As reported by Andre Coleman of Pasadena Now, citing media reports, the university last year fronted the athletics department $30 million to help cover an $80 million shortfall.
According to a May 23 letter obtained by Pasadena Now and addressed to chancellor Julio Frenk and executive vice chancellor and provost Darnell Hunt, UCLA Athletics has operated at a deficit for six consecutive years, accumulating $219 million in losses while the campus has imposed hiring freezes, weighed cuts to teaching assistants and warned faculty that terminated federal research grants will not be backstopped by the university.
According to court documents filed by the City of Los Angeles, UCLA is currently trying to break its lease with the Rose Bowl Operating Company that allows the Bruins to play football in the iconic stadium rent free until 2044. The Bruins are attempting to move to SoFi Stadium and receive money for premium suites, per Coleman's reporting.
In 2023-24, UCLA made about $16.4 million in ticket revenue, according to its financial disclosures to the NCAA, from $20.2 million the year before, Coleman reported.
"By comparison, Ohio State, which sold the most tickets, made a whopping $47.9 million in ticket sales," Coleman wrote.
UCLA has entered into a a five-year ticketing revenue-share arrangement with Elevate that grants the company a commission fee of 5% on the Bruins’ net ticket revenue, provided the university sells at least $100 million of athletic tickets over the term.
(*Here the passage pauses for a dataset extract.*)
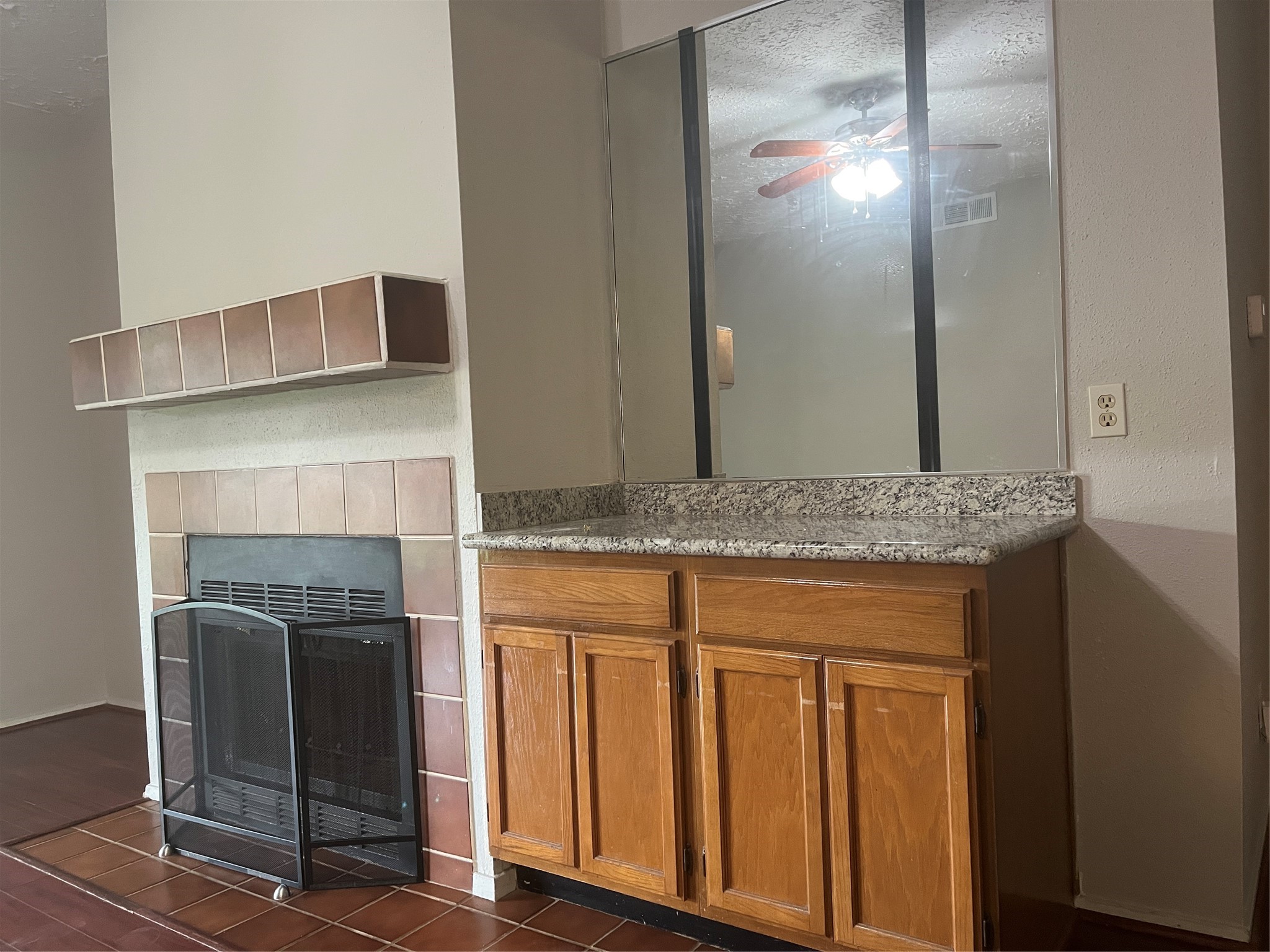 343 Elder Vista Drive, Houston, TX 77598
In order to hit that mark, the Bruins would need to sell $20 million in tickets for the lifetime of the deal, according to Coleman, who added that UCLA was scheduled to receive $4 million up front as part of the deal.
“The document is tightly tethered to the Rose Bowl, UCLA’s current home venue, with extensive detail devoted to the specific ticket inventory and revenue assumptions tied to the stadium’s current layout and its new configuration once pending renovations are complete,” according to one website that reviewed the deal.
The letter from the Academic Senate said continued financial support for the beleaguered athletics program is undermining the university’s academic mission at a time of deepening budget cuts.
The letter states that in 2024, UCLA Athletics generated roughly $100 million in revenue while incurring $180 million in expenses. The resulting $80 million deficit was partially offset by a $30 million subsidy from the campus budget.
UCLA Athletics is expected to face an additional $22 million in costs in 2025 related to settlements in class-action lawsuits against the NCAA, while anticipated Big Ten media rights revenue of $60 million to $75 million will not be enough to offset current spending levels, according to the letter.
As reported by Coleman, Senate chair Kathy Bawn acknowledged the department’s historic success, citing 124 NCAA championships and decades of Olympic participation, but questioned how austerity could be imposed on academic programs while athletics expenditures continue unchecked.
The Senate criticized executive compensation and recent administrative hires within athletics, noting that the athletics department has not posted a balanced budget under athletic director Martin Jarmond, who arrived at UCLA in 2000, and noted Jarmond recently received a contract upgrade with a salary exceeding $1.5 million annually.
UCLA officials have previously said athletic deficits reflect conference realignment costs, long-term capital investments, and broader changes in college sports finance.
"To illustrate the scale of the deficit, the Senate said $80 million could instead provide roughly $30,000 in research funding for each ladder faculty member, cover nearly all in-state tuition for doctoral students, or support approximately 1,200 teaching assistants for a quarter," wrote Coleman, who serves as executive editor of Pasadena Now. "The Senate called for an immediate end to campus subsidies for athletics, including loans, and renewed demands for greater faculty consultation on budget decisions."